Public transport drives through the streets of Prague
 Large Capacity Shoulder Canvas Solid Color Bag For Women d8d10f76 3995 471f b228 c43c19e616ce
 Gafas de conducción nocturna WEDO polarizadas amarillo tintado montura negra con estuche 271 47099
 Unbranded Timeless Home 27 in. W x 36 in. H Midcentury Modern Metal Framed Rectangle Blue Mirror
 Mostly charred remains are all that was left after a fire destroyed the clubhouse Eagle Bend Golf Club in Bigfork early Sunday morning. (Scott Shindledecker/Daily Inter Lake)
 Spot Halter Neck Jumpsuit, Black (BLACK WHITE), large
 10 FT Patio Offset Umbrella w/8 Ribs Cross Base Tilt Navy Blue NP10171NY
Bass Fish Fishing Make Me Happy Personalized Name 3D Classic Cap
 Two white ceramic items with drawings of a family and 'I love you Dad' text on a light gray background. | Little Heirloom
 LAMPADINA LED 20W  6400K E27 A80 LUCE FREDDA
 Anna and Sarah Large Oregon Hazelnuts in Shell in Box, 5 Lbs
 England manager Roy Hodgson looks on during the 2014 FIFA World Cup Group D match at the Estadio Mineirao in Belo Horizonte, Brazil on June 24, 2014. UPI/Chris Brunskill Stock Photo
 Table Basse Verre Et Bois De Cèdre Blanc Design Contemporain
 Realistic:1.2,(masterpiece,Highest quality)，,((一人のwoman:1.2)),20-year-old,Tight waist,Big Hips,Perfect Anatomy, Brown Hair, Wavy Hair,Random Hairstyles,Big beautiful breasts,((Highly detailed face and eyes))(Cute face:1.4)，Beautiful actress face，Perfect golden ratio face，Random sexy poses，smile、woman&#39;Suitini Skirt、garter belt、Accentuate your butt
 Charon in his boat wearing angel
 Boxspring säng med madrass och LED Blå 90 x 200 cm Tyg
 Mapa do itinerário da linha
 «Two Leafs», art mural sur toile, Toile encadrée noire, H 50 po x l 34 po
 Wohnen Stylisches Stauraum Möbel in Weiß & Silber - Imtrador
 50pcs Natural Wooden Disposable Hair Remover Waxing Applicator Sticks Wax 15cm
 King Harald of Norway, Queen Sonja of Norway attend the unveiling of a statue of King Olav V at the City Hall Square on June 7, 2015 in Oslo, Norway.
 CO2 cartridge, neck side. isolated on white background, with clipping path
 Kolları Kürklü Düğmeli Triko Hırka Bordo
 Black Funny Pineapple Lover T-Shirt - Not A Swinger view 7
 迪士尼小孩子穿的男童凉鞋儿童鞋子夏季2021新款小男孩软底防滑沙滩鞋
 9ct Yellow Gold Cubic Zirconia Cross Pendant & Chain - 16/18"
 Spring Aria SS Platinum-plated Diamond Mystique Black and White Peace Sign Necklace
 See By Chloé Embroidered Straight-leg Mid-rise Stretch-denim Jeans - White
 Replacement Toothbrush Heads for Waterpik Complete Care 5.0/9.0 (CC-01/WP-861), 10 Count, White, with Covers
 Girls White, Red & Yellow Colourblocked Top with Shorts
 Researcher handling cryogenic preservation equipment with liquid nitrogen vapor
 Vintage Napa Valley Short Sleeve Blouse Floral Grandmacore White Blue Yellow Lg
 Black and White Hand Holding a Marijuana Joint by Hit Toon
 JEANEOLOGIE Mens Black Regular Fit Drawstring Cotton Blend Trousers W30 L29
========================
* [ASSIGNED TASK]: All of the records are to be reproduced exactly as they were given.

* [RESPONSE AREA]:
Public transport drives through the streets of Prague
 Large Capacity Shoulder Canvas Solid Color Bag For Women d8d10f76 3995 471f b228 c43c19e616ce
 Gafas de conducción nocturna WEDO polarizadas amarillo tintado montura negra con estuche 271 47099
 Unbranded Timeless Home 27 in. W x 36 in. H Midcentury Modern Metal Framed Rectangle Blue Mirror
 Mostly charred remains are all that was left after a fire destroyed the clubhouse Eagle Bend Golf Club in Bigfork early Sunday morning. (Scott Shindledecker/Daily Inter Lake)
 Spot Halter Neck Jumpsuit, Black (BLACK WHITE), large
 10 FT Patio Offset Umbrella w/8 Ribs Cross Base Tilt Navy Blue NP10171NY
Bass Fish Fishing Make Me Happy Personalized Name 3D Classic Cap
 Two white ceramic items with drawings of a family and 'I love you Dad' text on a light gray background. | Little Heirloom
 LAMPADINA LED 20W  6400K E27 A80 LUCE FREDDA
 Anna and Sarah Large Oregon Hazelnuts in Shell in Box, 5 Lbs
 England manager Roy Hodgson looks on during the 2014 FIFA World Cup Group D match at the Estadio Mineirao in Belo Horizonte, Brazil on June 24, 2014. UPI/Chris Brunskill Stock Photo
 Table Basse Verre Et Bois De Cèdre Blanc Design Contemporain
 Realistic:1.2,(masterpiece,Highest quality)，,((一人のwoman:1.2)),20-year-old,Tight waist,Big Hips,Perfect Anatomy, Brown Hair, Wavy Hair,Random Hairstyles,Big beautiful breasts,((Highly detailed face and eyes))(Cute face:1.4)，Beautiful actress face，Perfect golden ratio face，Random sexy poses，smile、woman&#39;Suitini Skirt、garter belt、Accentuate your butt
 Charon in his boat wearing angel
 Boxspring säng med madrass och LED Blå 90 x 200 cm Tyg
 Mapa do itinerário da linha
 «Two Leafs», art mural sur toile, Toile encadrée noire, H 50 po x l 34 po
 Wohnen Stylisches Stauraum Möbel in Weiß & Silber - Imtrador
 50pcs Natural Wooden Disposable Hair Remover Waxing Applicator Sticks Wax 15cm
 King Harald of Norway, Queen Sonja of Norway attend the unveiling of a statue of King Olav V at the City Hall Square on June 7, 2015 in Oslo, Norway.
 CO2 cartridge, neck side. isolated on white background, with clipping path
 Kolları Kürklü Düğmeli Triko Hırka Bordo
 Black Funny Pineapple Lover T-Shirt - Not A Swinger view 7
 迪士尼小孩子穿的男童凉鞋儿童鞋子夏季2021新款小男孩软底防滑沙滩鞋
 9ct Yellow Gold Cubic Zirconia Cross Pendant & Chain - 16/18"
 Spring Aria SS Platinum-plated Diamond Mystique Black and White Peace Sign Necklace
 See By Chloé Embroidered Straight-leg Mid-rise Stretch-denim Jeans - White
 Replacement Toothbrush Heads for Waterpik Complete Care 5.0/9.0 (CC-01/WP-861), 10 Count, White, with Covers
 Girls White, Red & Yellow Colourblocked Top with Shorts
 Researcher handling cryogenic preservation equipment with liquid nitrogen vapor
 Vintage Napa Valley Short Sleeve Blouse Floral Grandmacore White Blue Yellow Lg
 Black and White Hand Holding a Marijuana Joint by Hit Toon
 JEANEOLOGIE Mens Black Regular Fit Drawstring Cotton Blend Trousers W30 L29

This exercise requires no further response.